I returned home after 10 PM and continued to study unsuccessfully. My dad wanted to give me some tea he was drinking, but I said I was afraid to get his bacteria and I would smell my mouth. I could have said more delicately: I don't feel like it, or I'm about to make my own
In the evening I talked to Anita. I think it was the first time she wrote herself, I was still out of sight. I used metaprograms: why do you think so, what do others think, why is this happening, e.g. - can you accept compliments - I have nothing that could be said honestly well - why do you think so? ... etc.
czwartek, 16 grudnia 2010
Tramal laptops
Yesterday was written with a delay
2 laptops came, I was happy and spent the day looking after them instead of learning.

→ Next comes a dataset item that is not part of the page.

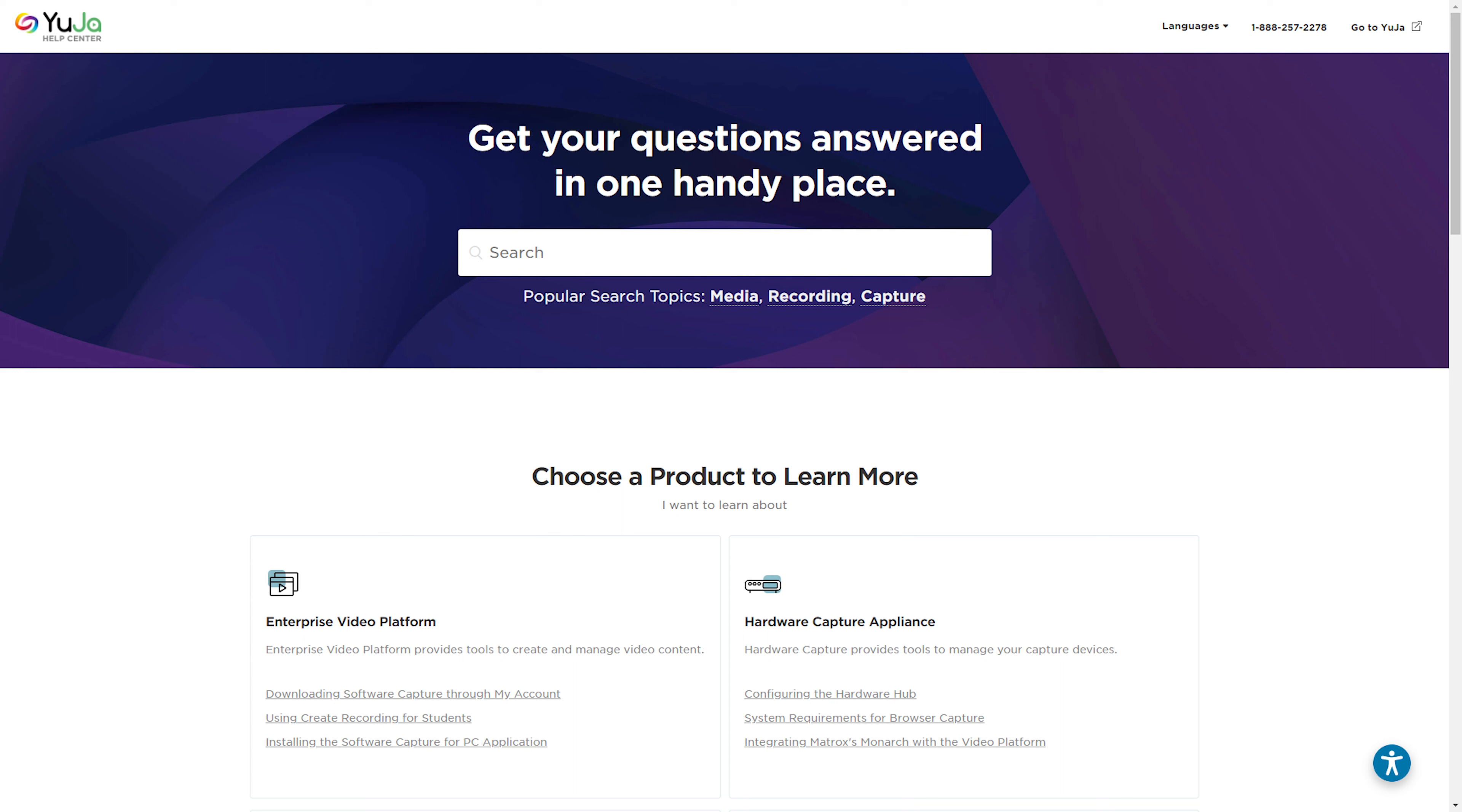For more of Yuja's tutorials, please visit support.yuja.com.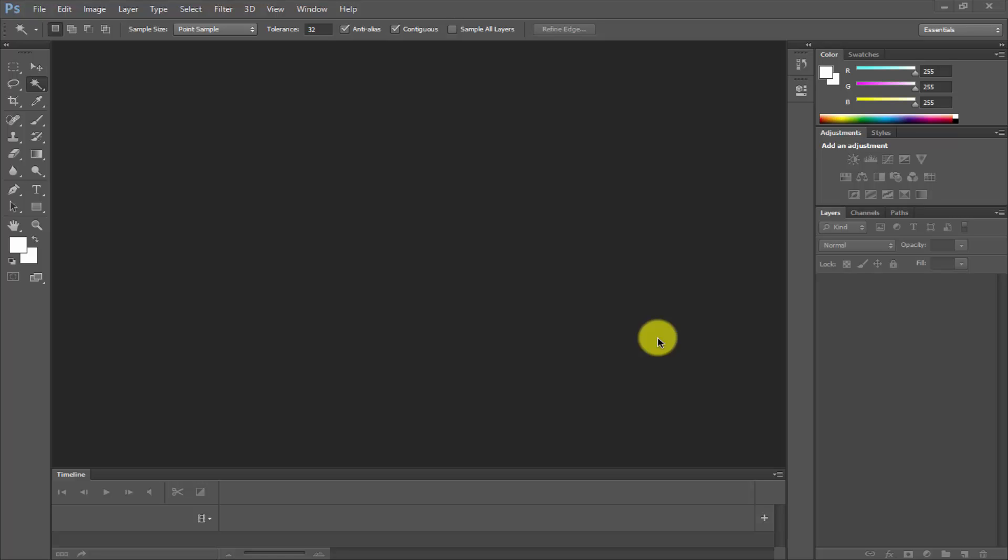Welcome to Software Learning. Today in this video I am going to show you how to remove a white color background from your photo using Photoshop. Let's get started.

In the evening I talked to Michał Staniszewski and offered him that I would give him one. Michał was extremely happy, he talked about himself for a long time and I also talked about himself. He offered me his hypnosis and esoteric courses. I think I'll even benefit from it;)
And of course, as the title of the document indicates: I took 200 mg of tramal. I guess too much, it was very easy to chew on. In addition, there was amazing warmth under the cover. I also noticed that since I already take only 2.5 mg of olanzapine, I have a waist of 86 cm and the same weight. Unfortunately, my muscles must have fallen as well, my grandfather once measured 40 cm in the biceps, but he measured inaccurately and probably only 39, but I see that I am thinner on my face and I feel better, even sleeps well.